Defendants reply that "plaintiff cannot circumvent the statute of limitations by claiming actual knowledge only of the Big Pimpin' 'single.'" Def. Reply at 8. Defendants argue that "no matter how it is 'packaged,'" the plaintiff's claim is the same:

Big Pimpin' infringed Khosara, Khosara by sampling a portion of it. Id. Moreover, defendants contend that plaintiff's "awareness of the alleged infringement . . . in 2000 triggered the running of the statute of limitations in connection with his claim for infringement by any sound recording using the Khosara, Khosara composition." Id. at 10 (emphasis in original). As to equitable tolling, defendants assert that plaintiff's residence outside the United States "does not constitute the type of 'extraordinary circumstances' that serve to toll the statute of limitations." Id. at 4. Defendants reason that "[i]f a plaintiff's residence would act to toll the statute, it would never run on a claim by a foreign resident, even where, as here, the plaintiff had knowledge of the claim and the ability to prosecute it." Id.
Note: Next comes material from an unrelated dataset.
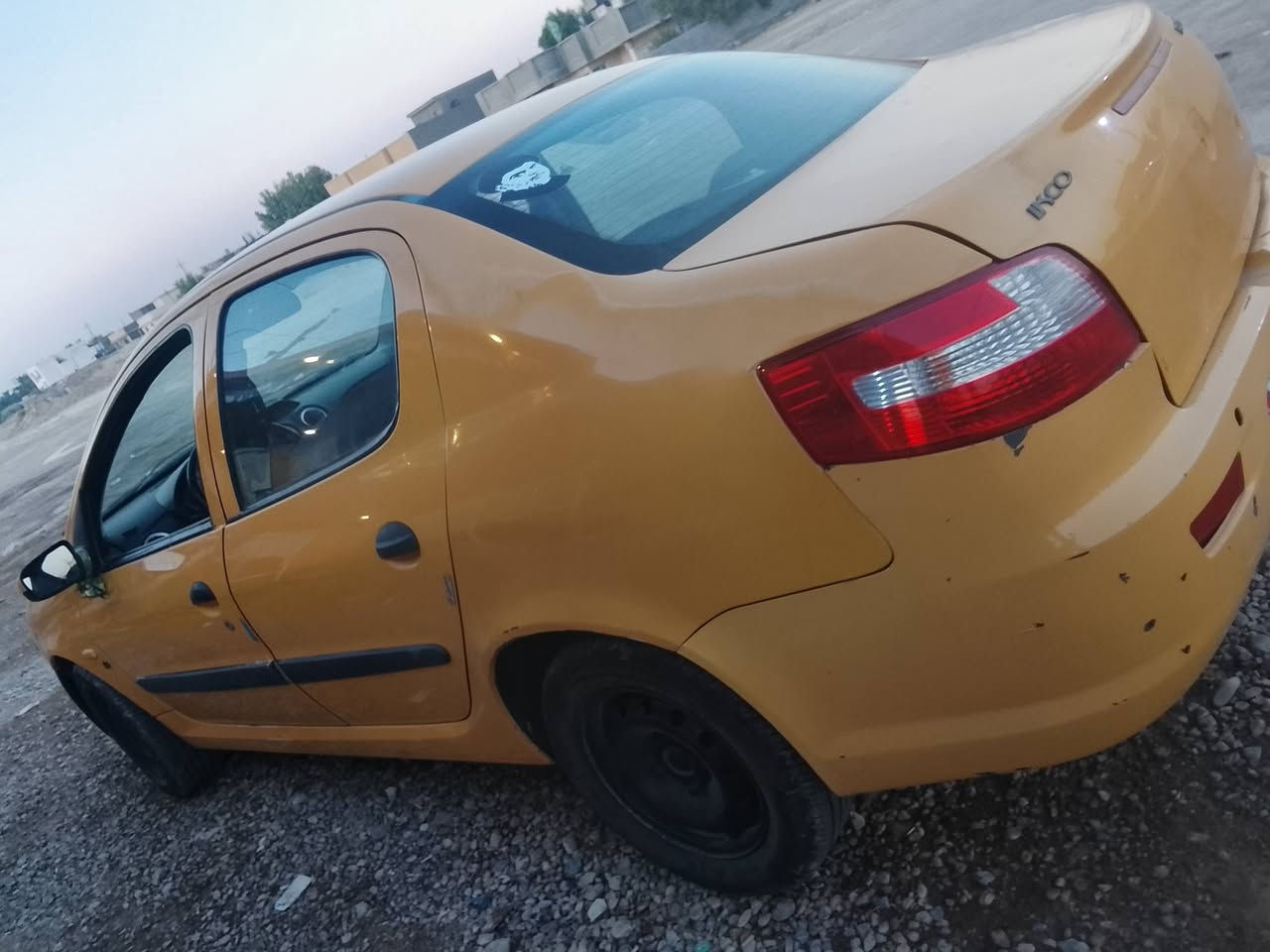 سلام عليكم بيع سمند رنه موديل ٢٠١٤ رقم بغداد رقم جديد هيهه وغرامات مصفرة تحويل مباشر سياره جديدة معنه كلمه مكفوله كفاله عامه من كلشي سيارة مال جناي سعر ٣٣ بيهه مجال عنوان واسط صويرة طريق المطار الهاتف ***********
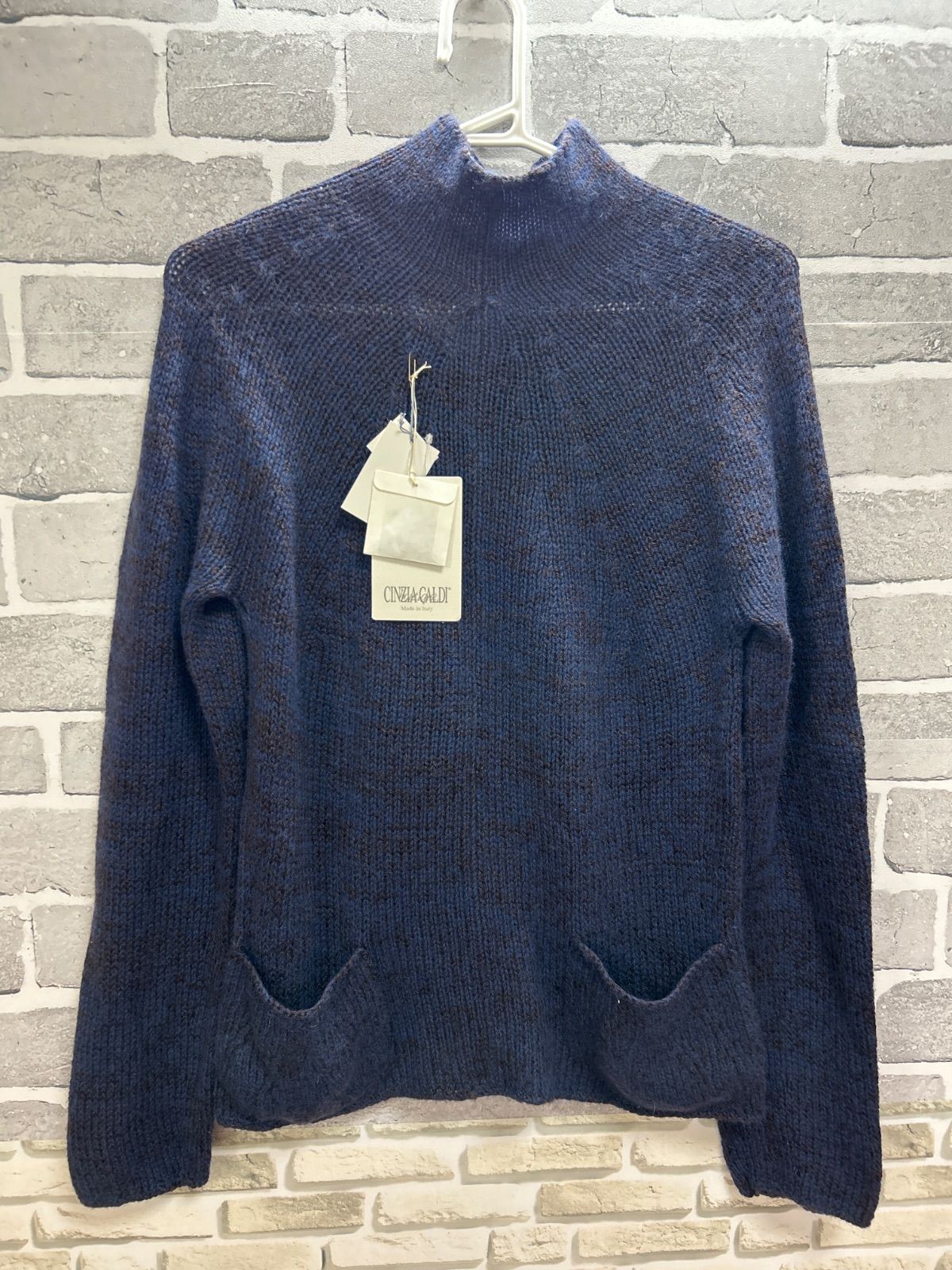 F9-96 CINZIA CALDI サイズ42 M カシミヤ50 セーター 紺色 レディース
Moreover, defendants argue that plaintiff's arguments regarding alleged misrepresentations by EMI, Sima, and Nafal do not toll the statute. Id. at 6--8. Specifically, defendants refute the notion that EMI's misrepresentation tolled the statute because plaintiff was clearly on notice of his potential claim notwithstanding whatever EMI's attorney told him. Id. at 7. Defendants also note that "quite simply, any such assertion by EMI was not a misrepresentation [because] it is still Defendants' belief that their use of Khosara Khosara was and is licensed." Id. Finally, defendants argue that the Nafal v. Carter action did not toll the statute because "that separate action was also filed after the statute had run, was designed so Plaintiff (and the heirs) could avoid filing a lawsuit, was a prohibited 'disguised assignment of a cause of action,' and judgment was entered in favor of defendants and the case dismissed." Id. at 3, 13--15. Thus, according to defendants, Nafal v. Carter "cannot serve to toll the statute of limitations on a new lawsuit filed thereafter by a different party." Id. at 3.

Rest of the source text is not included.